I should not have arisen to address the House at all this evening had I not been described by the right hon. Gentleman as a buccaneer. I wish at once to tell him that it is with no predatory instinct that I shall approach the consideration of this Bill to-morrow I, for one, am in entire agreement with what the right hon. Gentleman has said, though not entirely in accord with the hon. Baronet (Sir F. Banbury). I think the right hon. Gentleman is entitled to ask that we should not support Amendments to this Bill which appear to be purely of a vote-catching character, and are moved with a view to trying to make out that those who move the Amendments are public benefactors, while they merely want to obtain kudos from the Amendments.
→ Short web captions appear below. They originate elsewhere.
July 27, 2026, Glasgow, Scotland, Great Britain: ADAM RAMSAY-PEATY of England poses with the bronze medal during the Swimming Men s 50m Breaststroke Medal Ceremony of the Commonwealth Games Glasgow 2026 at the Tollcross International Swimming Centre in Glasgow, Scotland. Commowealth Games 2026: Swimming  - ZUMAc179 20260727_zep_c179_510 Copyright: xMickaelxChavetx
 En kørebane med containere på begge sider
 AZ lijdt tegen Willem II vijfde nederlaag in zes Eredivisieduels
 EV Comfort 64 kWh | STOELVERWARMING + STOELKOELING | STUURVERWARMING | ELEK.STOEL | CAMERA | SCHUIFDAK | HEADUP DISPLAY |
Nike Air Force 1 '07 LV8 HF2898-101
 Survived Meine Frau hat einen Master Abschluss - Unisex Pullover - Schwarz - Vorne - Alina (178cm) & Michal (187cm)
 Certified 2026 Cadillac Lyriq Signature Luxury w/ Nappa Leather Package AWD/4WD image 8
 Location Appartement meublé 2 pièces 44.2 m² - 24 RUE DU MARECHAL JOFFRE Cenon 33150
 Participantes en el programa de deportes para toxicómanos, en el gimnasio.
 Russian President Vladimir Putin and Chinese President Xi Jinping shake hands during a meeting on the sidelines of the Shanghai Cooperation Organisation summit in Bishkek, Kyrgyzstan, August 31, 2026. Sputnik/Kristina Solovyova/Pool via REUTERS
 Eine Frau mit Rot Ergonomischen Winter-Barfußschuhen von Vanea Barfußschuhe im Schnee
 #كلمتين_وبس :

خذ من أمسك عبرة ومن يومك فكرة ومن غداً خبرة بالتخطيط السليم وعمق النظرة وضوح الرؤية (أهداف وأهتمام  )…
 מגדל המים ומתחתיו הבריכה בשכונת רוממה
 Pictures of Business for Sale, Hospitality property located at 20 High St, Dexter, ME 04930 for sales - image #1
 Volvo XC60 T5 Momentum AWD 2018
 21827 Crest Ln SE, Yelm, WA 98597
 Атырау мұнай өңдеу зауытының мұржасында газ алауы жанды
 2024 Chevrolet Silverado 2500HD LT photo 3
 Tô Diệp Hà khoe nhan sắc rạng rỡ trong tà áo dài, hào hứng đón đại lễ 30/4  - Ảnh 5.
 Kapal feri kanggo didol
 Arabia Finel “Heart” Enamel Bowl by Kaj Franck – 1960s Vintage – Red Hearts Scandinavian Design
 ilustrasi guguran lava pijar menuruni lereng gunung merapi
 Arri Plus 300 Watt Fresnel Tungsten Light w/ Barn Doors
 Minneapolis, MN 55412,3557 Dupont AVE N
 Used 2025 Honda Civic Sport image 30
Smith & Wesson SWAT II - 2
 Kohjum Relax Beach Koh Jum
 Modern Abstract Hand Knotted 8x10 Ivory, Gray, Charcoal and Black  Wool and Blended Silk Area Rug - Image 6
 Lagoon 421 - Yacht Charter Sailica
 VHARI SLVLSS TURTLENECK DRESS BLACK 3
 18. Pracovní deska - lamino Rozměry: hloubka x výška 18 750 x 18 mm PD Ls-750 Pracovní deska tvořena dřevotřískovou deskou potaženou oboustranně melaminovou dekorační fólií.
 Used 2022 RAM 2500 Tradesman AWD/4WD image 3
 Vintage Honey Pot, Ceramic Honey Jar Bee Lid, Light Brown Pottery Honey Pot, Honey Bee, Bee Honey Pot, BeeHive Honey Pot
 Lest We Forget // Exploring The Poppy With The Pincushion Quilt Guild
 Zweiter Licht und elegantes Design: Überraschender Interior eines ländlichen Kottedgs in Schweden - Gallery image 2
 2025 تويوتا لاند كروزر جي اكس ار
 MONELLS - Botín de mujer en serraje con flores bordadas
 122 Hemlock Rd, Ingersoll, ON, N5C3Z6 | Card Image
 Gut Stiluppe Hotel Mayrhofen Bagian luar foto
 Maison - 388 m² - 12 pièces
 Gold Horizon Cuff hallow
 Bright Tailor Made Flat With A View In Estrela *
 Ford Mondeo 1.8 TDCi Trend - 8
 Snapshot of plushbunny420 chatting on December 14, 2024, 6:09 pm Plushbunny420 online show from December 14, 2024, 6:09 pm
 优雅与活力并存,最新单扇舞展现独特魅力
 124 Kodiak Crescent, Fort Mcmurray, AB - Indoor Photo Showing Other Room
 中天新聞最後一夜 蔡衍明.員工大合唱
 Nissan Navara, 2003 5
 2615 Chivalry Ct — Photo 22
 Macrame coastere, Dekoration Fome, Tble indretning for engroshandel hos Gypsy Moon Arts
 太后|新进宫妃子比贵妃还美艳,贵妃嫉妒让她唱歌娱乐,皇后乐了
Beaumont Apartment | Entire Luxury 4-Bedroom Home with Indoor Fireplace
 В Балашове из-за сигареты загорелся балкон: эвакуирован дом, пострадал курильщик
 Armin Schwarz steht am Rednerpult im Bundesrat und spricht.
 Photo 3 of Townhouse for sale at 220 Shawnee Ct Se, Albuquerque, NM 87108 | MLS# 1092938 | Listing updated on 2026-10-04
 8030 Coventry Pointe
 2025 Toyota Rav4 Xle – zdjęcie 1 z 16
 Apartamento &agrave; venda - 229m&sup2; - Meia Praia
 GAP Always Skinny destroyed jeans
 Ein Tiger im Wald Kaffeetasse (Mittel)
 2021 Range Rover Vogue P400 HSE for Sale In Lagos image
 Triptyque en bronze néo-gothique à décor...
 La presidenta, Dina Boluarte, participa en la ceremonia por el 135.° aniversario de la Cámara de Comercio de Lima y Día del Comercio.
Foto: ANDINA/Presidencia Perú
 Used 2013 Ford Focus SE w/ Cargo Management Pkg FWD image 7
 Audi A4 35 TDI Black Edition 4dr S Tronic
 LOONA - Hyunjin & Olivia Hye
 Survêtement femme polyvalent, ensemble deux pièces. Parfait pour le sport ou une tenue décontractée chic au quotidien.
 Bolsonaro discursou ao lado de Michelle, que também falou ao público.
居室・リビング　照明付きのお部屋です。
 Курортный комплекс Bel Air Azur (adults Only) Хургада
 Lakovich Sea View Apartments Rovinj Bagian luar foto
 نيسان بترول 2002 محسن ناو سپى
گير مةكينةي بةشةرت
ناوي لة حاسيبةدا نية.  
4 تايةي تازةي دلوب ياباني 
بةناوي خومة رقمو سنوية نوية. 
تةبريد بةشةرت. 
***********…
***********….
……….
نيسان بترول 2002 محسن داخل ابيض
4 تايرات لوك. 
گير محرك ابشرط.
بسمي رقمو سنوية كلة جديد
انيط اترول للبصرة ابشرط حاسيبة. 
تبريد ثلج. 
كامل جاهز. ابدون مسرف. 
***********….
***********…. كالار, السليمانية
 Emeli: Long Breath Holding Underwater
So far as those Amendments are concerned, I promise the right hon. Gentleman that he will have my support. He intimated that there were some Amendments standing in my name which would involve the expenditure of money outside the Financial Resolution. I want to ask the right hon. Gentleman not to assume that every single Amendment which may make a financial adjustment, without necessarily increasing the charge, is outside the terms of this Financial Resolution. There is a very large number of Amendments which we believe will not add a single penny to the estimated charge to be imposed upon the taxpayers. If he approaches every Amendment from the point of view that because it may involve a financial adjustment it will necessarily involve an additional financial charge, it is quite conceivable that even I myself may have a passage of words upstairs with the right hon. Gentleman or the Secretary to the Treasury. I only want to say that it is in no buccaneering spirit that I, and I believe most of my colleagues, will approach the consideration of this Bill. We do not want to prolong the Session by quite unnecessary talk, and we do not want to do anything deliberately to increase the national charge merely with a view to obtaining kudos which we do not deserve.